Tess - Les Autres
Chronique
Tess Les Autres
Chris a tout ce qu'il lui faut : presque la trentaine, un boulot stable et bien payé, des amis aussi fidèles qu'amusants, une femme aussi aimante que charmante, une peau qui bronze facilement, une vie tip top quoi. La réussite marque ses entreprises : parti de rien, Thrashocore est aujourd'hui une référence lue par des milliers, que dis-je, des millions de lecteurs fanatiques (Il parait que Jon Nödtveidt s'est suicidé quand il a appris que Chris n'aimait pas Reinkaos mais on connaît les bruits de couloirs…).
Pourtant Chris s'ennuie. Ah que les âmes frustrées sont chanceuses ! Elles ne connaissent pas le vide d'avoir tout sauf rien à espérer ! Il lui manque la rage de l'adolescence, ce bel âge où tout s'éveille. Chris en est conscient car Chris est intelligent. Actif, il va dans le grenier ouvrir la malle des souvenirs de cet autrefois si douloureux, si passionnant. Il voit d'un œil humide (Chris est humain) ses premiers emportements, la capsule de sa première bière, sa première étoile acquise à Chamonix à l'âge de trois ans (tu apprends à marcher, Chris sait déjà skier), des photographies de ses nuits de débauches chaudes comme une soirée thaïlandaise avec Frédéric Mitterrand, et ses premiers poèmes.
Oui car Chris est sensible, Chris est poète ! Il regarde ses écrits prépubères avec étonnement, comme si un autre que lui vibrait sous ses lignes :
« Tes baisers ont un goût de cyanure. Je suis addict, j'en veux encore.
Tes baisers ont un goût de cyanure. Tu es si belle, tu ressembles à la mort. »
Ah Annabelle, son premier amour ! Elle était en gris, il était en tafta, elle se surnommait Morticia et lui Cratère. Elle était moche (Chris aime tout le monde, même les moches) mais…
« Je me souviens. Mes jambes en tremblent. Mon cœur s'emballe.
Je me souviens. Ça me fait mal, je me sens bien… »
…Faut dire qu'elle l'avait dépucelé notre Chris…
« …Je me souviens. Approche plus près, viens que je te crache dans l'oreille. »
…Et d'une étrange manière. Puis elle a découvert le skate punk et sa mèche sans gel ne tenait pas la distance face aux piques luisants de Cyril, son meilleur ami gauchiste. La suite, vous la devinez : Chris se retrouva seul, les couilles bleues et le regard rouge.
« Rampe, crache, saute sur ma carcasse.
Piétine et écrase ce qu'il en restera.
Par vos dires, vos regards, je saigne.
Je trace sur mon être comme on grave dans la pierre chaque déception. »

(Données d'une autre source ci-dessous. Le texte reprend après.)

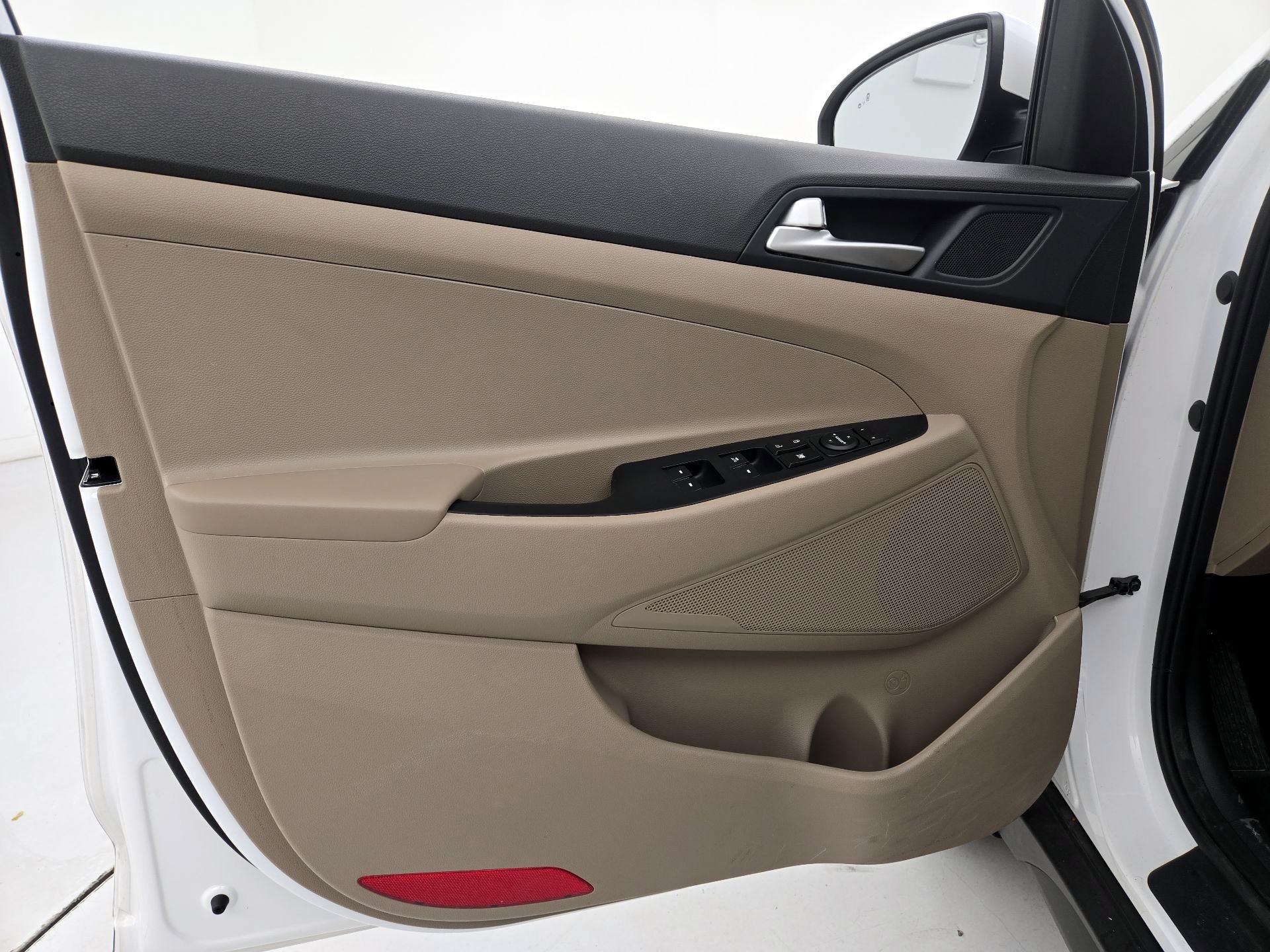 Thumbnail: 2020 Hyundai Tucson - 12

Personne pour le soutenir ! Même pas son père, qui avait préféré lui offrir une Game Gear plutôt qu'un piercing pour son anniversaire. Il hurla de dépit :
« Jamais je ne serais toi,
Plutôt crever.
T'es juste un putain de bâtard,
Jamais je ne serais toi ! »
« Jeune con, toi et ta musique de pleymophile ! Tu te rends compte que non seulement tes riffs sont éculés mais qu'en plus, ta voix de merdeux en train de muer et grogner est insupportable ?! Cesse de chialer, trouve un boulot ! » avait répondu Papa. Chris, au corps frêle et boutonneux, s'était alors enfermé dans sa chambre et cracha une nouvelle fois sur le monde avec ce talent impétueux qu'on lui connait :
« Dans ma boite, je suis le roi. J'ai peur de moi.
Pourquoi t'avoir mis dans ma boite ?
Dans ton coin, ton visage s'efface.
Tu ressembles en tous points à ma créatrice. »
Maman, salope !
« Un trait sur le bras, deux traits, c'est à cause de toi.
Si vos âmes ne peuvent entendre l'horreur que vos remontrances… »
Ça suffit. Chris referme la malle, s'en dégoupille une et rit. Qu'est-ce qu'on était con quand même ! Revigoré, il part dans son salon penser aux jambes de sa femme et combien il va lui mettre ce soir. Car Chris, il est comme ça.